I just got back from a Malidoma Patrice Somé intensive workshop in North Carolina in late May. It’s a huge honour to dog-paddle in the wake of an African elder from the Dagara tribe in Burkina Faso who also happens to have three master’s degrees and two PhDs. I was most assuredly and expertly taken to my edge. I feel like every single cell and molecule has been scrambled and reprogrammed. And let’s face it, the timing is right because I have been totally stumped for almost six months.

It all started the day after my book launch, on December 9, 2014. After the thought “I can die now” assailed me on my walk back home from dinner at Imonay, my favourite Korean restaurant on Bloor Street, I catapulted into a state of disorientation. After five years of rowing with only one direction in mind, finishing and publishing my book, Riding the Wave: Tales of Transformation, I was greeted, on the one hand, with the great feeling of having done something that was clearly going to be a landmark when reviewing my life on my deathbed and, on the other hand, nothing less than intense vertigo. What now? For damn sure I knew that I needed to boot out of Dodge and backpack through Guatemala for six weeks, sleep, veg and then eventually clean and clear my office of five years of accumulated book residue, de-clutter a few closets and cupboards while I’m at it, prepare the most complex year-end tax report ever, and hang out with some folks I haven’t seen in ages because the past six months of countless, anticipated steps and unexpected challenges to bring my six-hundred-page manuscript to print were totally epic and all-consuming.

Fast-forward to dinner with Katja, Aly Drummond, their delightful girls, and Uncle Katherine, Katja’s childhood friend and by now my close friend too, and co-owner of our home, nicknamed The 519 West. Katja is thinking about what it takes for an author to continue to promote a novel beyond the first months after publication. A recent conversation with her agent woke her up to the reality that sales of a book are key in determining the salability of the next manuscript. Her first novel, Little Bastards in Springtime, published by HarperCollins Canada in 2014, is selling well enough for a first book, but is it selling well enough for a big publisher to consider her a successful novelist and want to publish her second novel? The quality of the book is clearly only one consideration, and not the first. I created the publishing company Unleash to publish my book outside of the self-publishing hack job: bad paper, horrid design, weak editorial, a treadmill of mediocrity, but, unlike Katja, I’ve had no marketing/promotional help. Promotion? I hate thinking of my book as a commodity, and the reality of spending even more money is terrifying. How much will it take? Who do I hire? I get hives thinking about it, and so does Katja. What can writers do besides continually posting about their books on social media, which quickly becomes tiresome to the social media community?
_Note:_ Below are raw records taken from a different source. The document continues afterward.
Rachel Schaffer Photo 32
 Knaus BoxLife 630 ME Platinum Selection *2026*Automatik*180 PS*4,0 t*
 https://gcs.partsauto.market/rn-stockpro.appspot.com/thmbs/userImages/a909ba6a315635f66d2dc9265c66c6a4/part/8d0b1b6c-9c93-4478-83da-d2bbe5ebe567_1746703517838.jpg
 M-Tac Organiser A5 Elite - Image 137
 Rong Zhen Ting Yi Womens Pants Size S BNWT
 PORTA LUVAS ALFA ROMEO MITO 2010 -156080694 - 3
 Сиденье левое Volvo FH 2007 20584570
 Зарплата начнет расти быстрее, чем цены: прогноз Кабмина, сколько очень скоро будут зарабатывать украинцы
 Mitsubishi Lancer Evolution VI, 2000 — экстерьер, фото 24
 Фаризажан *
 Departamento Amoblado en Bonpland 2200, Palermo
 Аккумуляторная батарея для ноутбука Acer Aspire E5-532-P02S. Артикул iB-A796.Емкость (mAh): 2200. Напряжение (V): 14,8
Katja has been thinking about getting a booth at Pride, or something along those lines. She researched it and found that she’s too late for that, and in any case, we both agree that this is boring. Sitting in front of a pile of books, with pen in hand, at a street party, doesn’t seem a very effective or interesting solution. We discuss hiring a marketing firm, which many writers do, at great cost. But these companies do what publishers do, and there’s no guarantee that it’ll translate into sales. You may spend thousands with nothing to show for it. And then we talk about how staid the book industry is. Why not do something dramatic, something that takes books right into the street. Why not skip the middle layer, the marketers, the PR people, and go directly into the street to meet readers.

“Let’s try to do this together,” we both think at the same time. Whatever it is, we have no idea, but let’s figure something out.